On Thursday, the State of Massachusetts will be setting out a handful of possible solutions and options to aid and guide school systems in effecting a successful reopening of public schools in September.

It is expected the Baker Administration will be suggesting at least several reopening programs that will allow for virtual teaching for students done at home as well as in class teaching with strict social distancing and hygiene policies to stop the spread of the Coronavirus among students, teachers, and parents.

Everett Superintendent Priya Tahiliani will be carefully scrutinizing the state’s new guidelines.

She is likely to act affirmatively within the suggested framework to get education going in Everett again.

This we know right now.

Schools can and will likely reopen with safeguards in place, according to the state’s COVID-19 Command Center’s Advisory Board.

The state’s figures of infection have been falling as well as hospitalizations and deaths. They are within the CDC’s guidelines.

As many students as possible will be safely brought back to in-person school settings.

This will include measuring the risks associated with COVID-19 for in-person programs, but also the known challenges and consequences of keeping students out of school.

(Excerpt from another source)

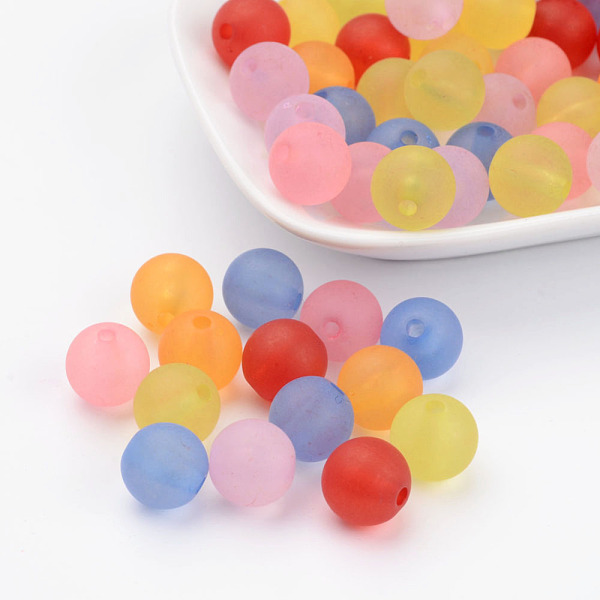 PandaHall 12mm Mixed Transparent Round Frosted Acrylic Ball Beads, Hole: 2mm Acrylic Round Multicolor
PandaHall 12mm Mixed Transparent Round Frosted Acrylic Ball Beads, Hole: 2mm Acrylic Round Multicolor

The state is mindful that there is no substitute for in-person instruction.

The state is designing a social compact for reopening.

This provides for students and staff to stay at home if they are feeling sick or have any symptoms connected with COVID-19. School systems need enhanced protocols to monitor this.

All students and staff must wear face coverings or masks. In cases where face coverings are impossible for some students, social distancing of 6 feet is required. Parents must supply the facemasks or coverings. Schools must have back-ups.

Frequent hand washing and hand sanitizing will require students and staff to wash their hands upon arrival, before and after meals, after bathroom use, after coughing or sneezing, and before dismissal.

All students must maintain 6 feet of separation at all times. Desks must be spaced at 6 feet apart. This distancing is a requirement when the students are going from class to class as well as entering and exiting their schools.

Smaller, isolated groups of students will be assigned to one teacher. Smaller classes will be required. Size will be restricted to a maximum of 10 students with 2 staff members allowed.

How exactly the EPS will put into working order such a directive is considered a monumental task, given the large school population and shortage of classroom space.

Cleaning and maintenance of the schools will take on a new and larger importance for the janitorial team to ensure that facilities and services are regularly cleaned, sanitized, and disinfected in accordance with health and safety guidelines.

There has been some talk of privatizing the cleaning and sanitations effort as the janitors by themselves cannot possibly do all that is expected in the new normal.

Massachusetts residents are torn about whether it is safe for their children to go back to school.

In the meantime, Massachusetts is moving ahead to re-open the schools, a move largely dependent on the virus remaining under control.

With the virus raging throughout the nation, it is likely the spread of it will continue everywhere. In addition, a second wave or peak of the virus in the fall could upend the school year, again.